The Supreme Court is About to Hear Two Cases that Could Destroy what Remains of the Voting Rights ActBreaking News
tags: Supreme Court, John Roberts, Voting Rights Act, voting rights
Next Tuesday, the Supreme Court will hear two cases that could shred much of what remains of the right to be free from racial discrimination at the polls. The defendants’ arguments in two consolidated cases, Brnovich v. Democratic National Committee and Arizona Republican Party v. Democratic National Committee, are some of the most aggressive attacks on the right to vote to reach the Supreme Court in the post-Jim Crow era.
These two DNC cases concern two Arizona laws that make it more difficult to vote. The first requires voting officials to discard in their entirety ballots cast in the wrong precinct, rather than just not counting votes for local candidates who the voter should not have been able to vote for. The second prohibits many forms of “ballot collection,” where a voter gives their absentee ballot to someone else and that person delivers that ballot to the election office.

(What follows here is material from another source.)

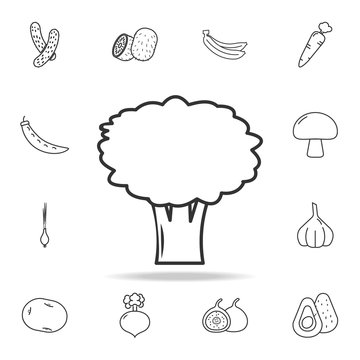 broccoli icon. Set of fruits and vegetables icon. Premium quality graphic design. Signs, outline symbols collection, simple thin line icon for websites, web design, mobile app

The most important question in the DNC cases isn’t whether these two particular Arizona laws will be upheld or stuck down, but whether the Court will announce a legal rule that guts one of America’s most important civil rights laws. And there is reason to fear that it will. The Supreme Court doesn’t just have a 6-3 Republican majority; it’s a majority that includes several justices who’ve shown a great deal of hostility toward voting rights generally and the Voting Rights Act in particular.

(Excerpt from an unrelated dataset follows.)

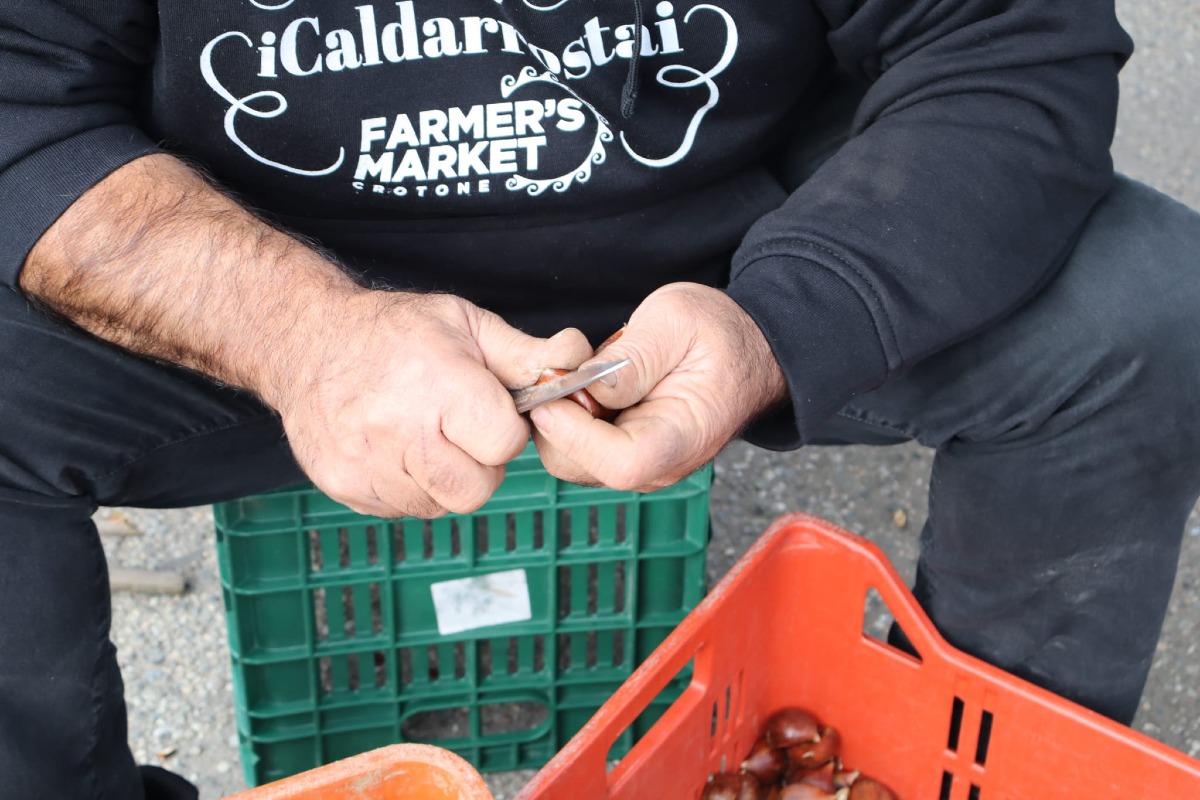 Festa della Castagna (Farmer's Market 26.10.2025) 1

The Voting Rights Act is the landmark law that President Lyndon Johnson signed to end white supremacist election laws in 1965, and that President Ronald Reagan signed legislation expanding in 1982.

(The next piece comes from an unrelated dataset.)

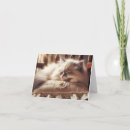 Pesquisar por ragdoll Animal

Reagan did so over the strident opposition of a young Justice Department lawyer named John Roberts. Roberts wrote more than two dozens memos opposing the 1982 voting rights law, one of which claimed it was “not only constitutionally suspect, but also contrary to the most fundamental tenants [sic] of the legislative process on which the laws of this country are based.”
Four decades later, Roberts isn’t simply the Chief Justice of the United States, he is the most moderate member of a six justice conservative majority — and his Court has already taken two significant bites out of the Voting Rights Act.